> Your objective:
Exactly the lines from the one with "Young Woman Using" through the final line of the entries, and nothing else, should appear in the answer; no pictures go in it.

[Brief descriptive captions]
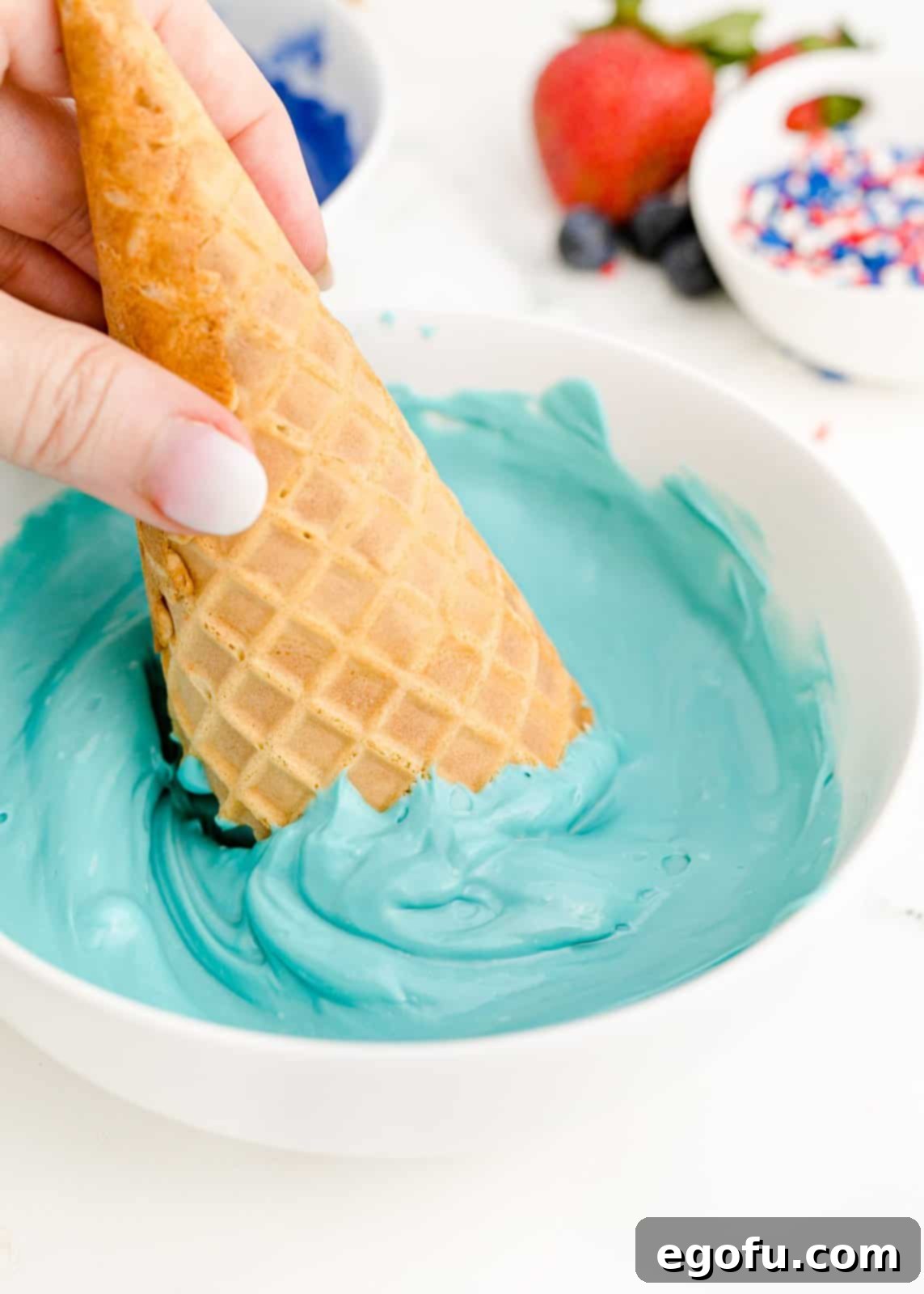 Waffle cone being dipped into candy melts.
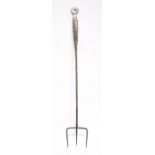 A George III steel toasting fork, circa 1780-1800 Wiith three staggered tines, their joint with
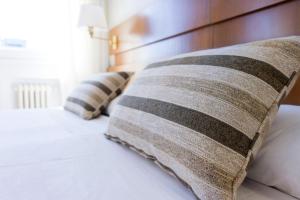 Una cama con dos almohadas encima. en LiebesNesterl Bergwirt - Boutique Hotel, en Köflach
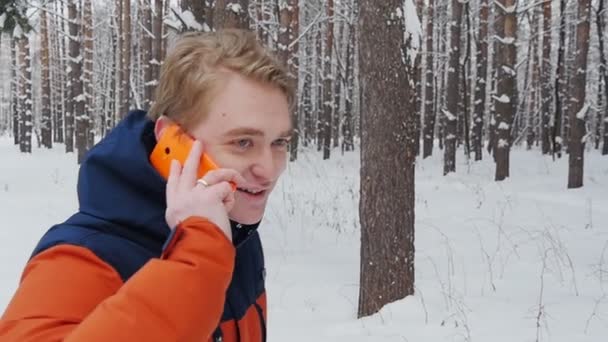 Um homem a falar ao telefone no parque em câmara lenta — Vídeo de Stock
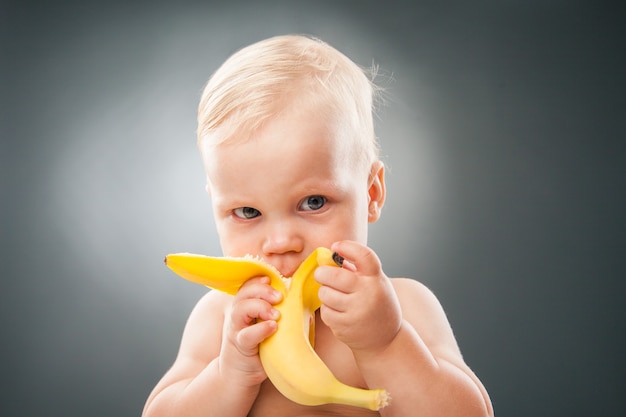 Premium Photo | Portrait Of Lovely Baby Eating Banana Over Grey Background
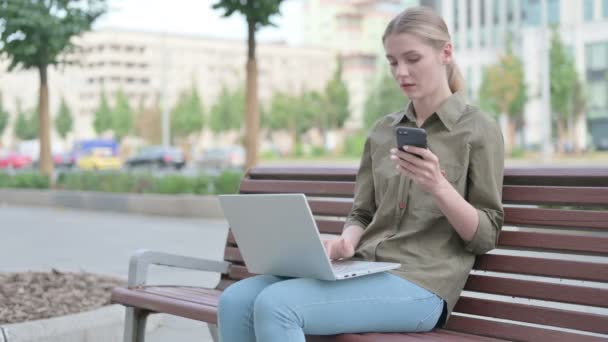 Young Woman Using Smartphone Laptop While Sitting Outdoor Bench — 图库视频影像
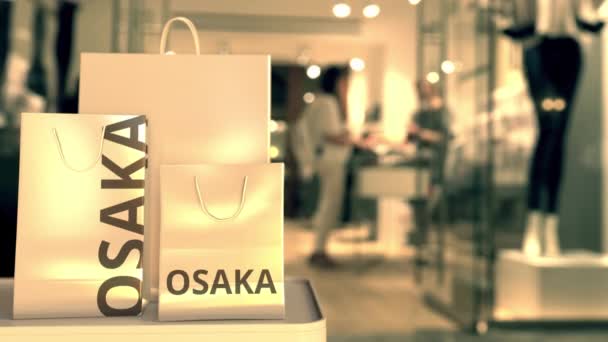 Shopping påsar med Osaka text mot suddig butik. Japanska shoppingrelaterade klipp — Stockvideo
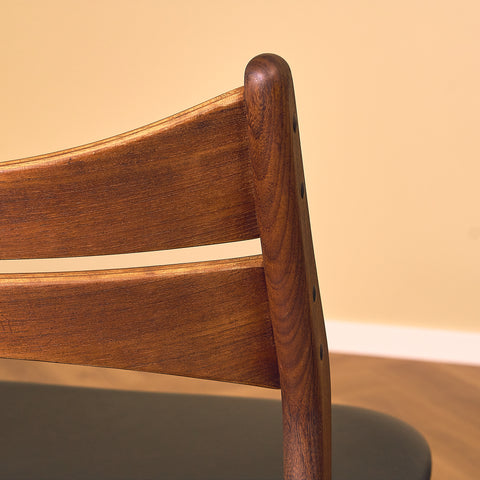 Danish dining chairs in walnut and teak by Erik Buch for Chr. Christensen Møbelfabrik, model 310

> Answer for the task:
 Young Woman Using Smartphone Laptop While Sitting Outdoor Bench — 图库视频影像
 Shopping påsar med Osaka text mot suddig butik. Japanska shoppingrelaterade klipp — Stockvideo
 Danish dining chairs in walnut and teak by Erik Buch for Chr. Christensen Møbelfabrik, model 310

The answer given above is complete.